> _Stored data_:
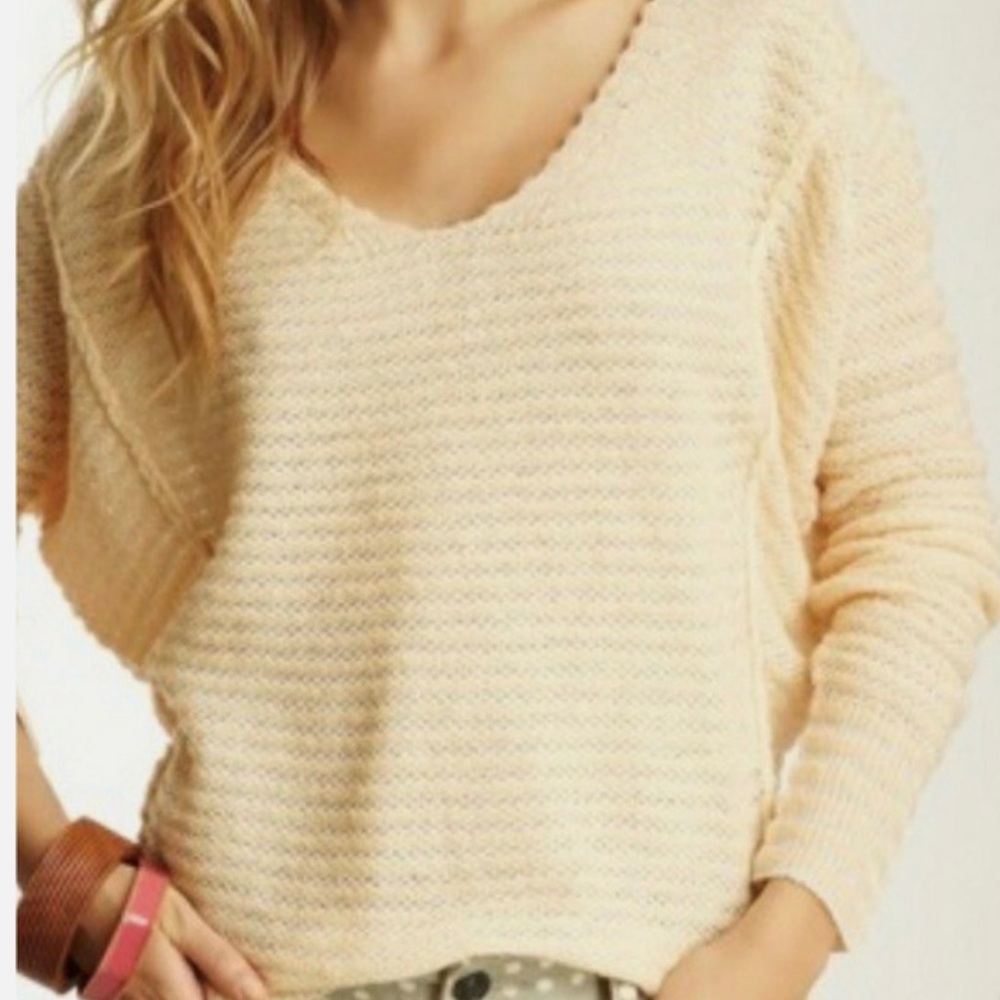 Free People Soft Cream and Peach V-Neck Light Knit Sweater Size S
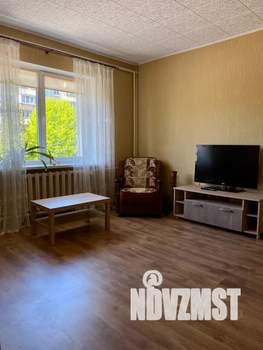 2-к квартира, посуточно, 50м2, 3/3 этаж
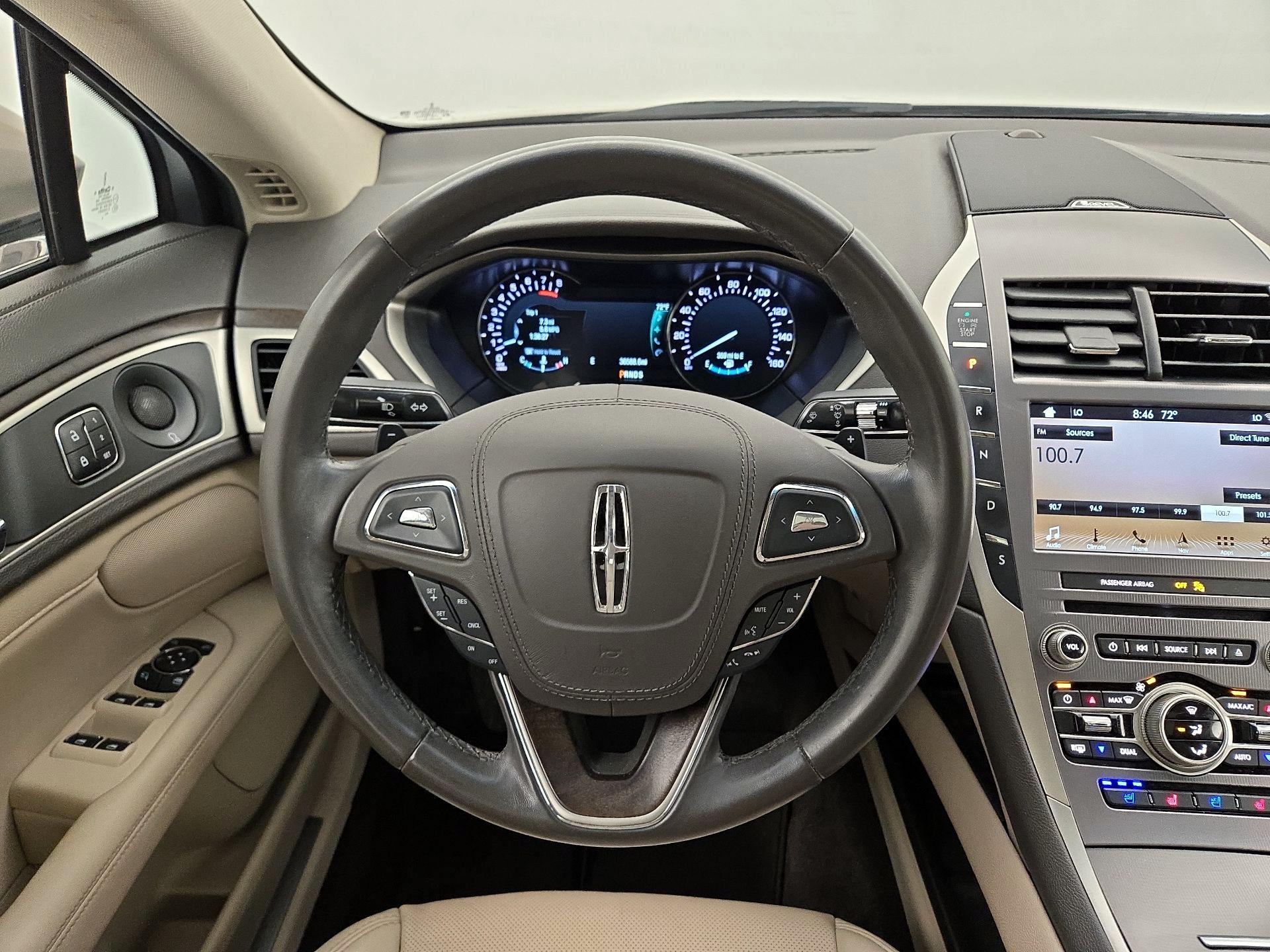 Thumbnail: 2018 Lincoln MKZ - 10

> _Problem requirements_:
Word for word, restate the lines from the one containing "2-к квартира, посуточно, 50м2, 3/3 этаж" through the end of the listing, and nothing more. Skip the pictures.

> _Answer to this task_:
 2-к квартира, посуточно, 50м2, 3/3 этаж
 Thumbnail: 2018 Lincoln MKZ - 10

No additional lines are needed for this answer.